## TASK DESCRIPTION:
A faithful copy of the listing below is needed, with its pictures left out.

## DATA LISTING:
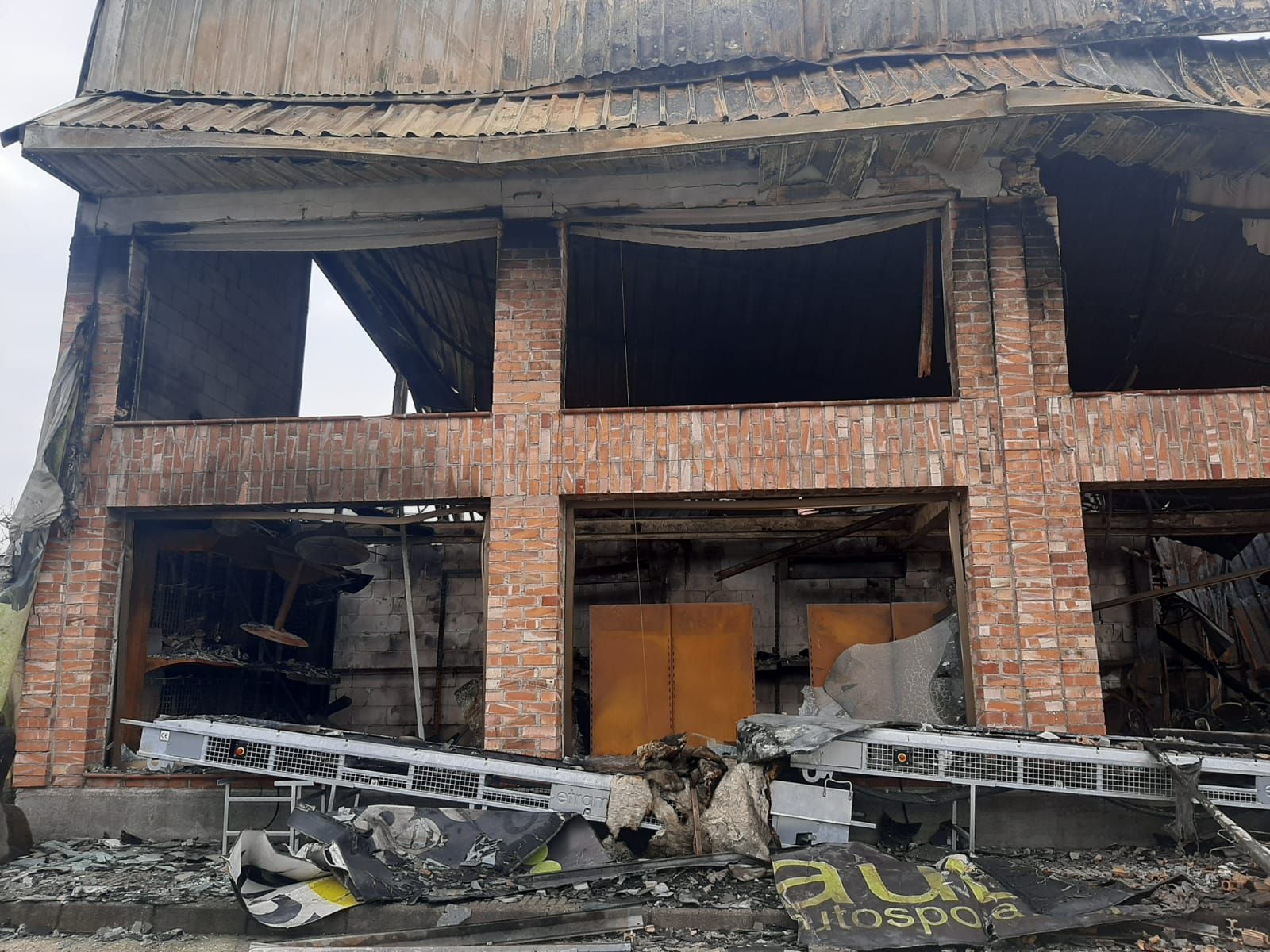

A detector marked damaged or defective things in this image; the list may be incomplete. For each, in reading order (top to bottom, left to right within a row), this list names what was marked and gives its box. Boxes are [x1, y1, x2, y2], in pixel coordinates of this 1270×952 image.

charred interior [562, 224, 946, 409]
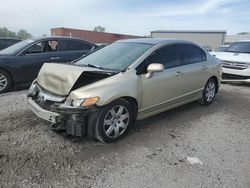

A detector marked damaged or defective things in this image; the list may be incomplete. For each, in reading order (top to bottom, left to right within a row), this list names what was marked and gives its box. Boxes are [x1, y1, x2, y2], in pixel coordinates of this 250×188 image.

crumpled front bumper [27, 97, 94, 137]
damaged gold sedan [26, 39, 221, 143]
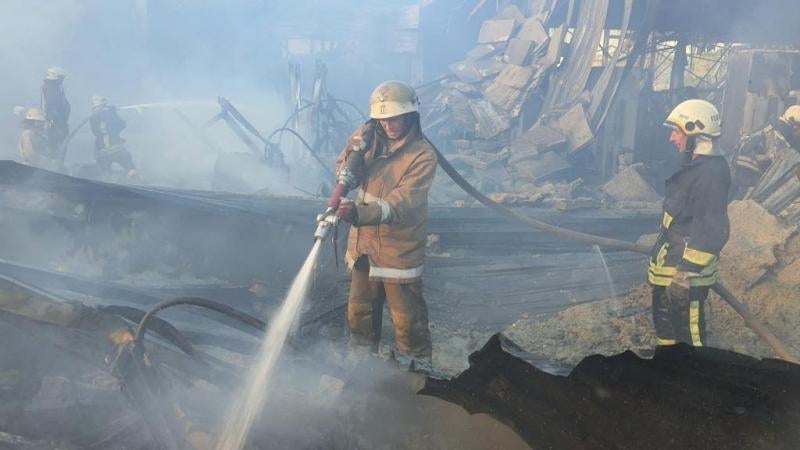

## RESPONSE BELOW:
A detector marked damaged or defective things in this image; the list may be incomplete. For each, in reading order (top to bottom, left to right within a row), this list names what was marked and gives its box. Boxes are [x1, y1, x2, y2], in pixel coordinates of this 1270×952 image.

charred interior [562, 224, 946, 409]

A detector marked damaged or defective things in this image; the list may be incomplete. For each, in reading order (top to bottom, left to right within a row), this list names what was marked and gives its box. Boxes are [x1, y1, x2, y2], in pixel coordinates of this 250×188 image.

crumpled front bumper [27, 97, 94, 137]
damaged gold sedan [26, 39, 221, 143]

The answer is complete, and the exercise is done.